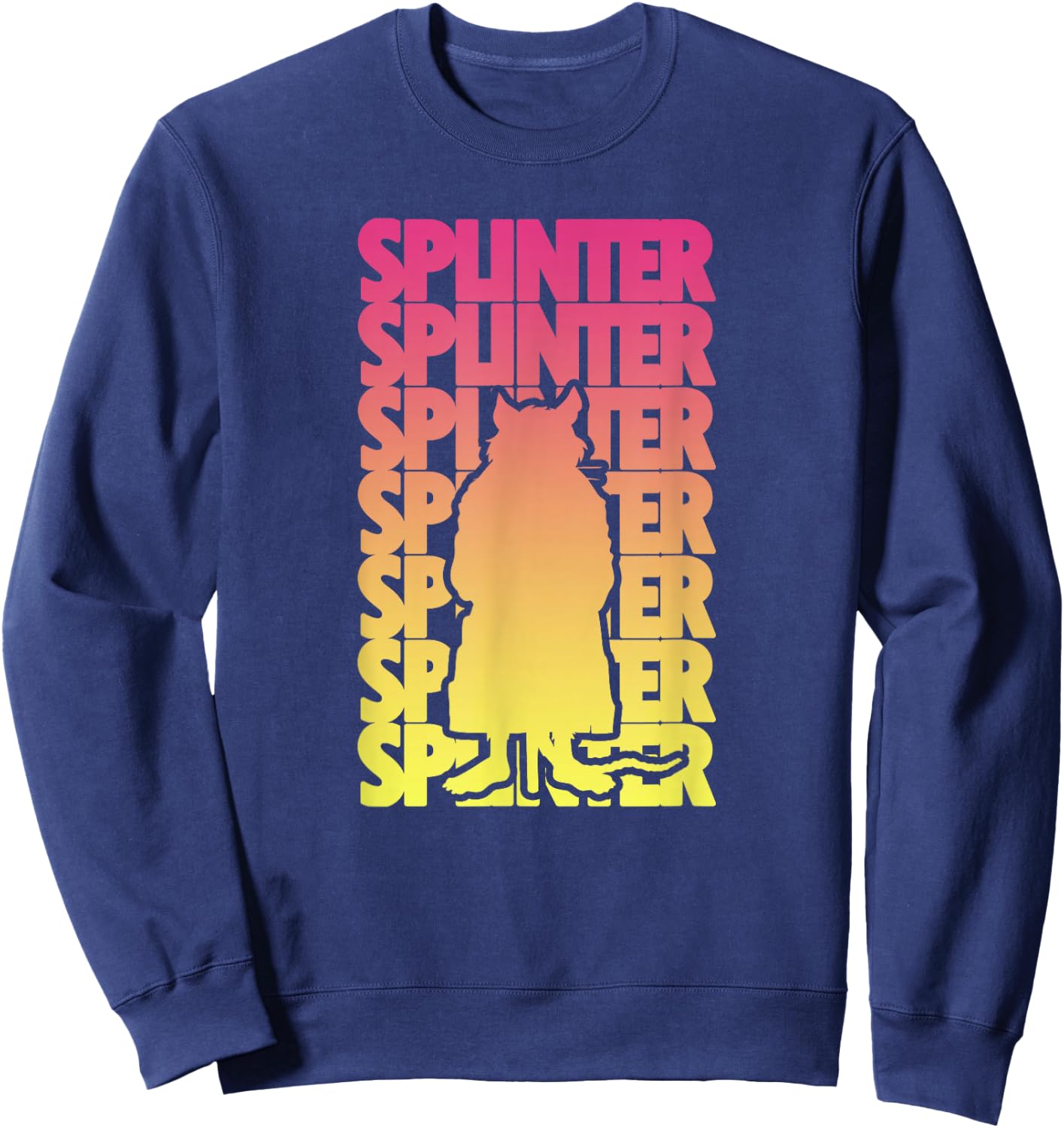 Master Splinter - Gradient Silhouette Sweatshirt - Sweatshirt | Navy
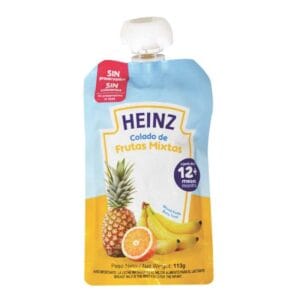 Compota Heinz Frutas Mixtas a partir de los 12 Meses Flexible, 113 g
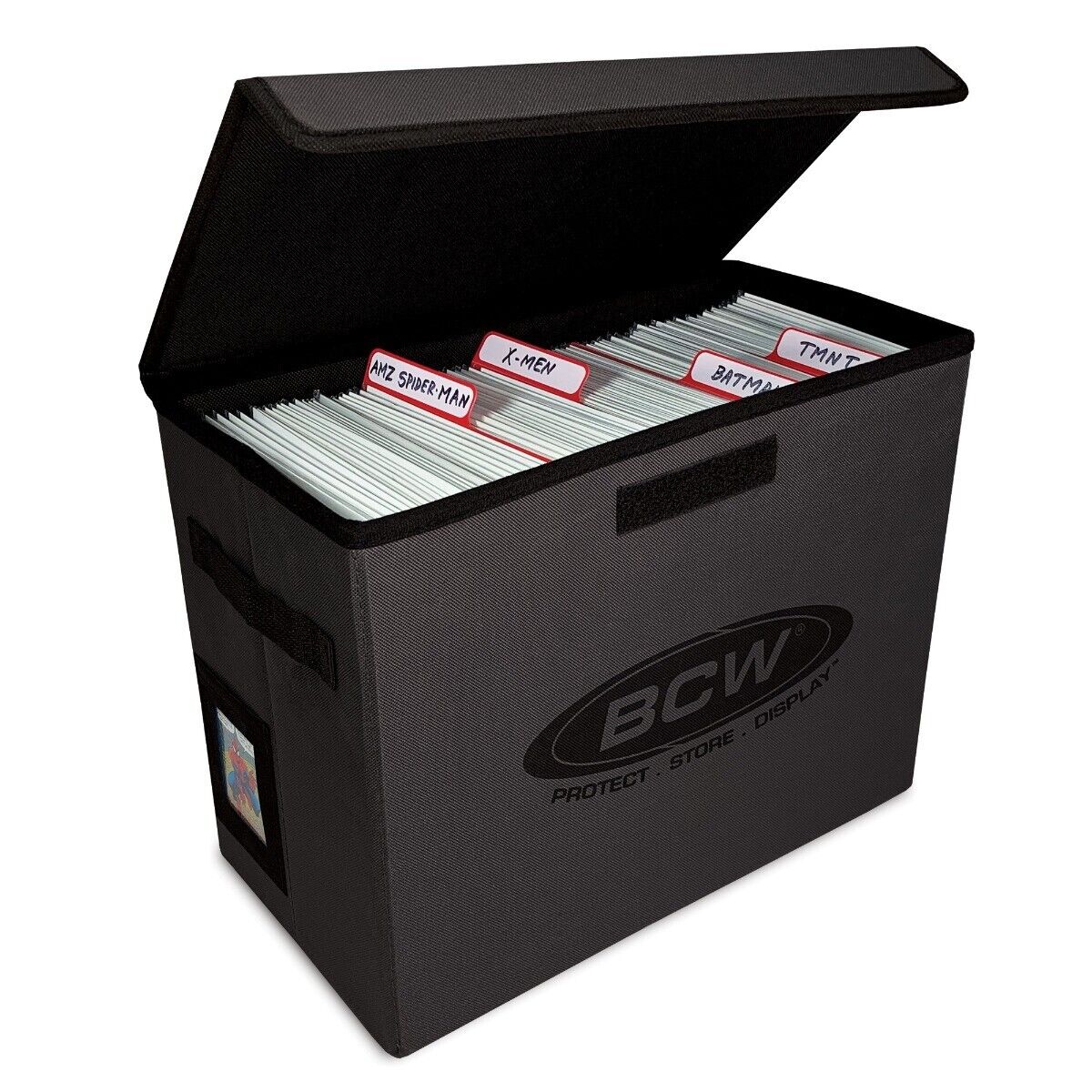 BCW Foldaway Comic Book Storage Box Light-Weight Collapsible Modern / Silver Era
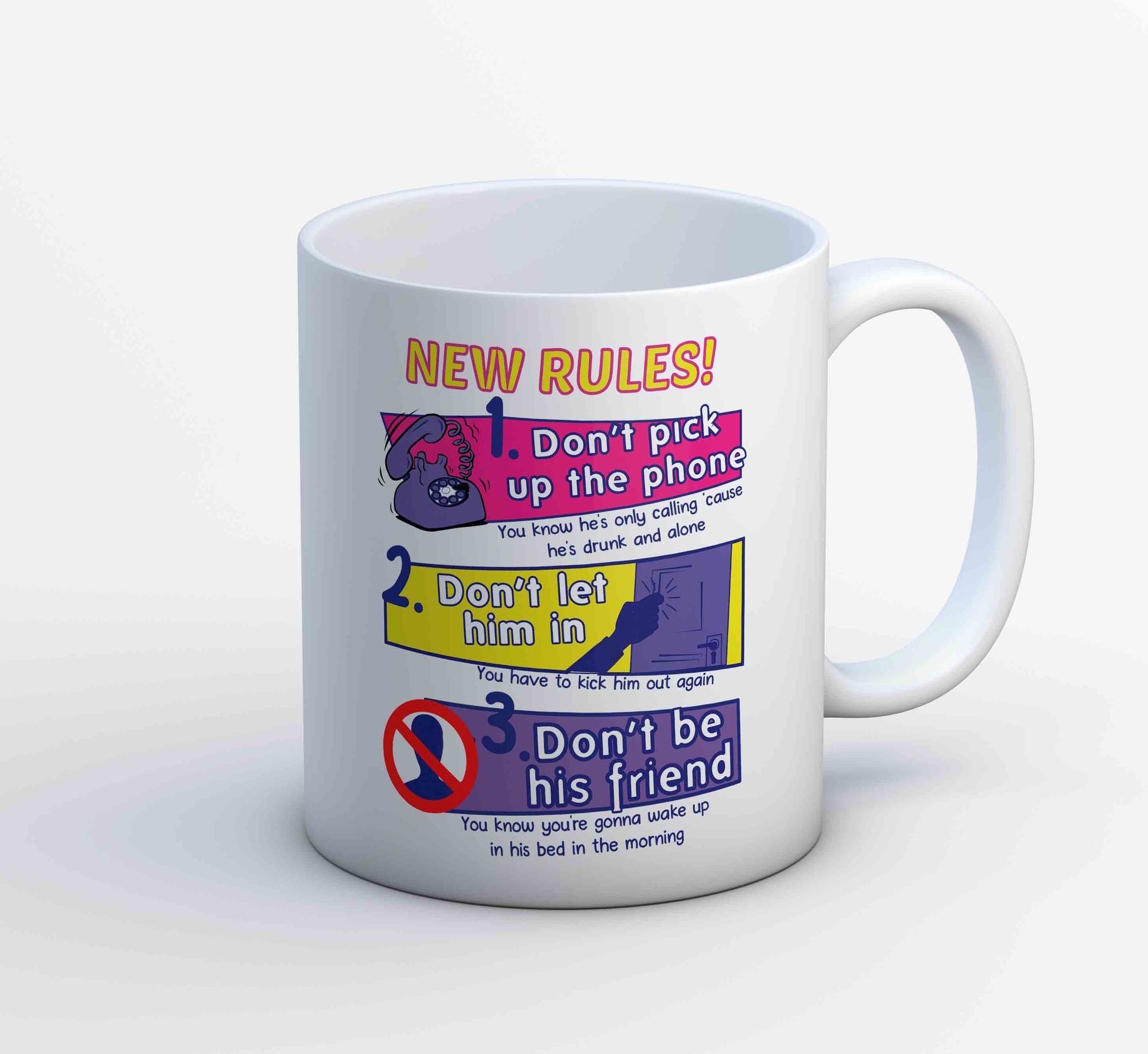 dua lipa new rules mug coffee ceramic music band buy online usa united states of america the banyan tee tbt men women girls boys unisex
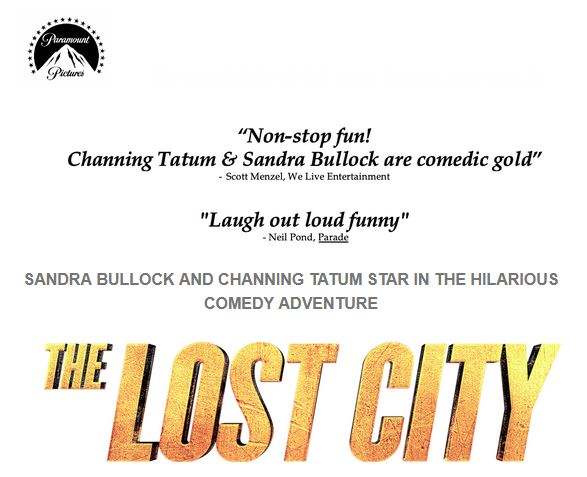 'Lost City' Gets Found on Digital May 10, Disc July 26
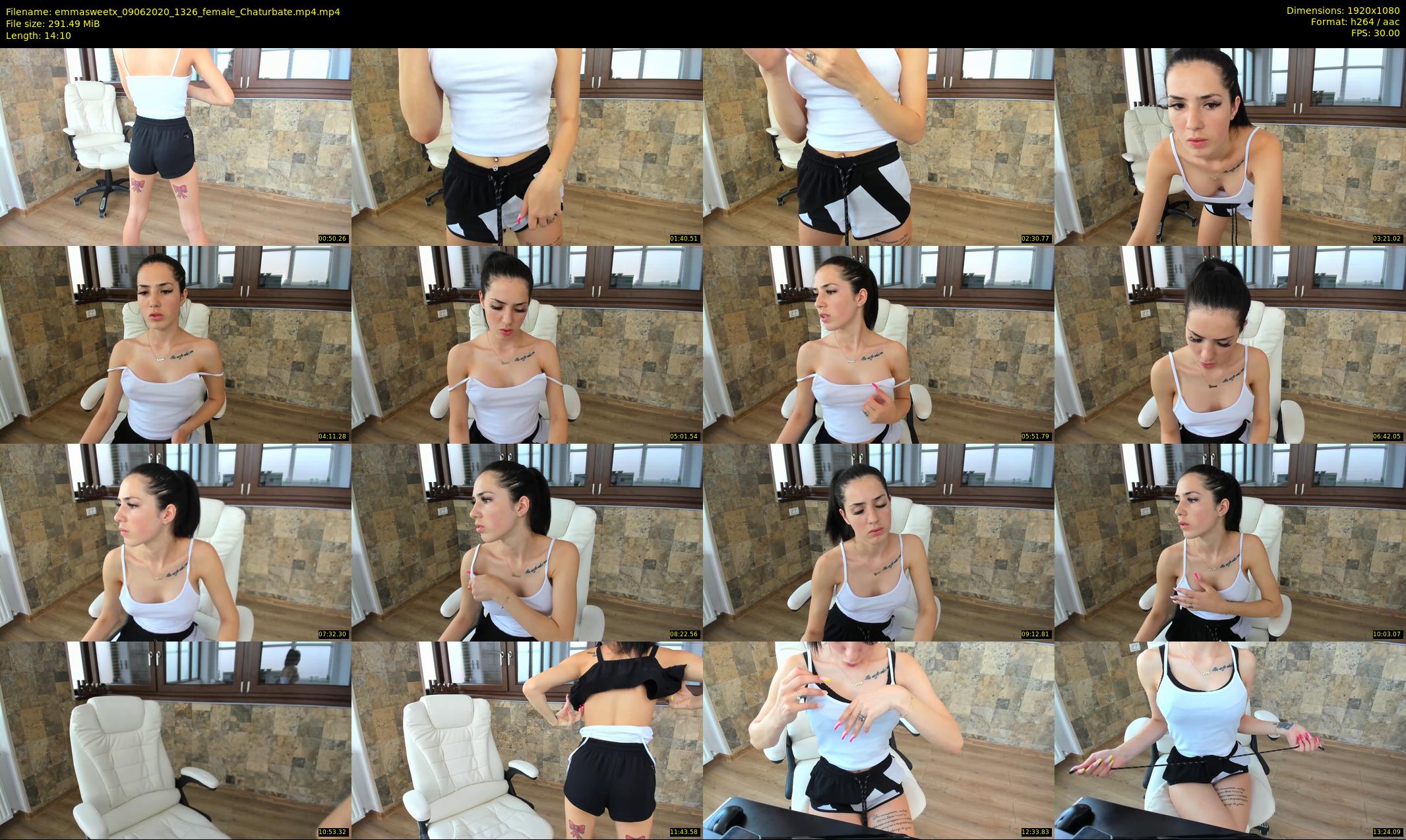 emmasweetx — 15 minute Chaturbate couple cam show recording, 1080p, Jun 9, 2020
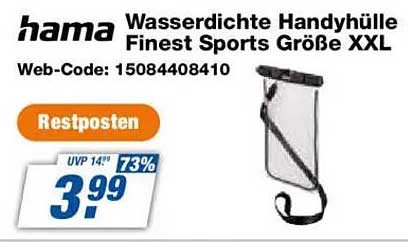 hama Wasserdichte Handyhülle Finest Sports Größe XXL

----

What to produce —
Lines from the one containing "BCW Foldaway Comic" through the final line of the entries above are to be retyped exactly, with every picture left out.

Task result —
 BCW Foldaway Comic Book Storage Box Light-Weight Collapsible Modern / Silver Era
 dua lipa new rules mug coffee ceramic music band buy online usa united states of america the banyan tee tbt men women girls boys unisex
 'Lost City' Gets Found on Digital May 10, Disc July 26
 emmasweetx — 15 minute Chaturbate couple cam show recording, 1080p, Jun 9, 2020
 hama Wasserdichte Handyhülle Finest Sports Größe XXL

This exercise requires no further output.